* Instructions to follow
Collect all lines from the records below that include the word "changing".
== Segment start ==
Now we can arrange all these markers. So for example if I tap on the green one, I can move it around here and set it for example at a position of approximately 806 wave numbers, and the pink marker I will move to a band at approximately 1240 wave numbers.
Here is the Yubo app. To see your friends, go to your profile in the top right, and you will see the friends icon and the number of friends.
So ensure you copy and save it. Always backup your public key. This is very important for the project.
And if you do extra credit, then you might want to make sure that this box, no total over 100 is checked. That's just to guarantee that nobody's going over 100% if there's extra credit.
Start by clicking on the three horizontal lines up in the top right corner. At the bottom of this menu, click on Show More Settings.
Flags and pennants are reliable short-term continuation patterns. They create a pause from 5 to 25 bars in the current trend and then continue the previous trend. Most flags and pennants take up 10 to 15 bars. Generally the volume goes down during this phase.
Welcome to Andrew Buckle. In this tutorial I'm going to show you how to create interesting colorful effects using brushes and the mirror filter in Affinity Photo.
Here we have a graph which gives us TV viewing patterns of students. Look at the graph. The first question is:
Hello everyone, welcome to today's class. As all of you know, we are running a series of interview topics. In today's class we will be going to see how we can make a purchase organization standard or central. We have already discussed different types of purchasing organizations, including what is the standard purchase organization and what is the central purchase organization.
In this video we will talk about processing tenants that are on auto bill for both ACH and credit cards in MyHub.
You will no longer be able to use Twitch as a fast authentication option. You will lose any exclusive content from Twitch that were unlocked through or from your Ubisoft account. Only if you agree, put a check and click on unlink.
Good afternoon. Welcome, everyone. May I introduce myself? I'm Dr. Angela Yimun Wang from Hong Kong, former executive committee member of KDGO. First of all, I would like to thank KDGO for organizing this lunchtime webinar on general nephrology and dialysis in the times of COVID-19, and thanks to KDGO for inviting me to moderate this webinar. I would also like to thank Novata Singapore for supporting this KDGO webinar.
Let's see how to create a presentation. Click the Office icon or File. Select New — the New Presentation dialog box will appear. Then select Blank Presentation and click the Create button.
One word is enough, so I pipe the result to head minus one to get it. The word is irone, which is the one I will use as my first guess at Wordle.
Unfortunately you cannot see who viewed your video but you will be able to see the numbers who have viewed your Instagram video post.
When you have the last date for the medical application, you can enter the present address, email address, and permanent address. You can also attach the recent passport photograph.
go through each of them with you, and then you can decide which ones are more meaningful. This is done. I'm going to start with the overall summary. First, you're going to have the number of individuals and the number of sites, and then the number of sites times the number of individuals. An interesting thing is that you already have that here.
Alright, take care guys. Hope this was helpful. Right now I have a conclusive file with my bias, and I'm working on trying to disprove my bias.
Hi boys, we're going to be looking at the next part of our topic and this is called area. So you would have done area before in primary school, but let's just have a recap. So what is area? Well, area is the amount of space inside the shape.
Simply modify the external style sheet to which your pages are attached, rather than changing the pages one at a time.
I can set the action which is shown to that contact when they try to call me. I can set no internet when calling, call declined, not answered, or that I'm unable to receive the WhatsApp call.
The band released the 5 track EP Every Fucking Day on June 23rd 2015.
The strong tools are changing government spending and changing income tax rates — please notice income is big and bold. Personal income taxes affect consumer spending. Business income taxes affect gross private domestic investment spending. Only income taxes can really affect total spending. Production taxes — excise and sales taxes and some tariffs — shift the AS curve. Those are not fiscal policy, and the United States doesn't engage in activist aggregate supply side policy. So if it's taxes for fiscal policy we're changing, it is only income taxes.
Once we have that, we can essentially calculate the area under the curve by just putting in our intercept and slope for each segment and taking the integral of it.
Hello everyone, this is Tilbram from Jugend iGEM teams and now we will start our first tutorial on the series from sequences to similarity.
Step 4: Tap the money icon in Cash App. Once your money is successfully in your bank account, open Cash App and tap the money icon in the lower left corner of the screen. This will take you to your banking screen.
== Segment end ==
* Answer space
Simply modify the external style sheet to which your pages are attached, rather than changing the pages one at a time.
The strong tools are changing government spending and changing income tax rates — please notice income is big and bold. Personal income taxes affect consumer spending. Business income taxes affect gross private domestic investment spending. Only income taxes can really affect total spending. Production taxes — excise and sales taxes and some tariffs — shift the AS curve. Those are not fiscal policy, and the United States doesn't engage in activist aggregate supply side policy. So if it's taxes for fiscal policy we're changing, it is only income taxes.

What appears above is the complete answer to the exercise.